Tomlin was only 15 pounds shy of the ultimate world record for his division (meaning not classified by age). The record is 555 pounds currently held by a 30-year-old man.

Tomlin, a maintenance supervisor at Cumberland Dairy by day, would be going onto the world championship, but instead is celebrating his 25th wedding anniversary on a tropical vacation.

“We’ve been planning our anniversary for two years now,” Tomlin said. “It’s more important.”

For his accomplishment, Tomlin will be featured in the next edition of the Guinness Book of World Records.

Also breaking records on a state level were Chris Consalvo, 34, and Jamael Jones, 27.

Consalvo lifted broke the Sub-Pro Master Class (non-raw) in the 275 pound (body weight) category by lifting 430 pounds.

He said it feels good to know he broke such a difficult record.

“I actually had no idea after the lift that I had broken it,” Consalvo said.

It wasn’t until Consalvo went home after the Paulsboro match that he received a phone call from a fellow weightlifting buddy who gave him the good news.

“I’ve been training for about 6 years,” Consalvo said. “The goal is to break the records, but you can only hope to come close to it. Actually breaking it is incredible.”

Consalvo has a 16-year-old daughter named Magdalia and a 14-year-old son Trey.
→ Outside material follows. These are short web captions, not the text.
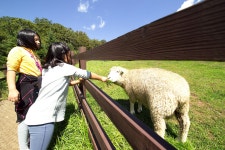 [slr/n] 삼양목장 - 코닥 Talk [slr/n] 삼양목장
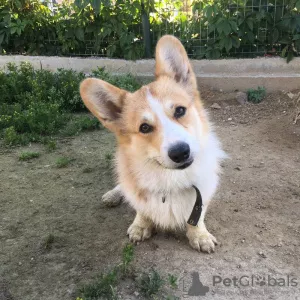 Photo №3. Hôtel pour chiens Spi-Eat-Pei, Ekaterinbourg en Fédération de Russie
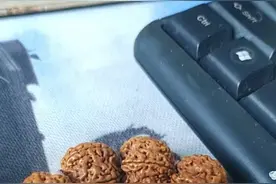 一入文玩深似海系列——（大金刚）图片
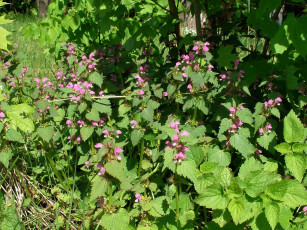 Картинка цветы луговые полевые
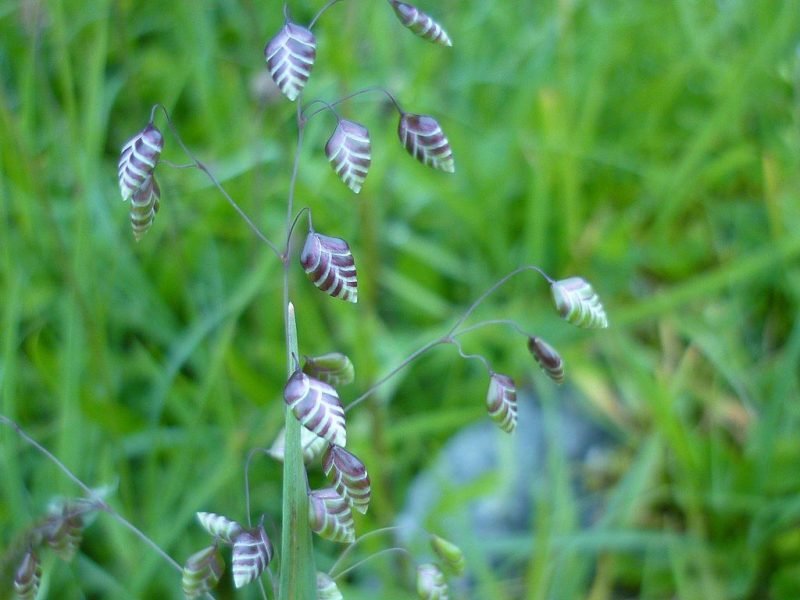 Common quaking grass (Briza media)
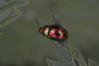 Ime datoteke: Chrysolina fastuosa~1.jpg
Velikost datoteke: 269kB
Dimenzija: 1200x800
Datum objave: 30. maj 2018 Chrysolina fastuosa~1.jpg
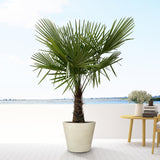 Trachycarpus - 160cm- Ø30 - Palm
Trey joins his father occasionally in weightlifting and they also play sports together. His daughter, however, is more into shopping.

“I don’t push them to do what I do,” Consalvo said. “I let them be themselves.”

Jones, the youngest of the three to break a record, lifted 425 pounds in the raw Open Division at 198 pounds in body weight.

Like Consalvo, Jones didn’t know he was breaking a world record when he lifted his 425.

“I lifted 425 and knew it was a high amount to lift,” Jones said. “But it wasn’t until I was looking through a form that had records on it that I realized I’d beat it.”

The previous state record for his division was 385 pounds lifted.

“I plan to continue with lifting and move up to the next division and class,” Jones said.

Andrea Vanaman, the fitness director at Holly City Family Center, said she was incredibly proud of the three men.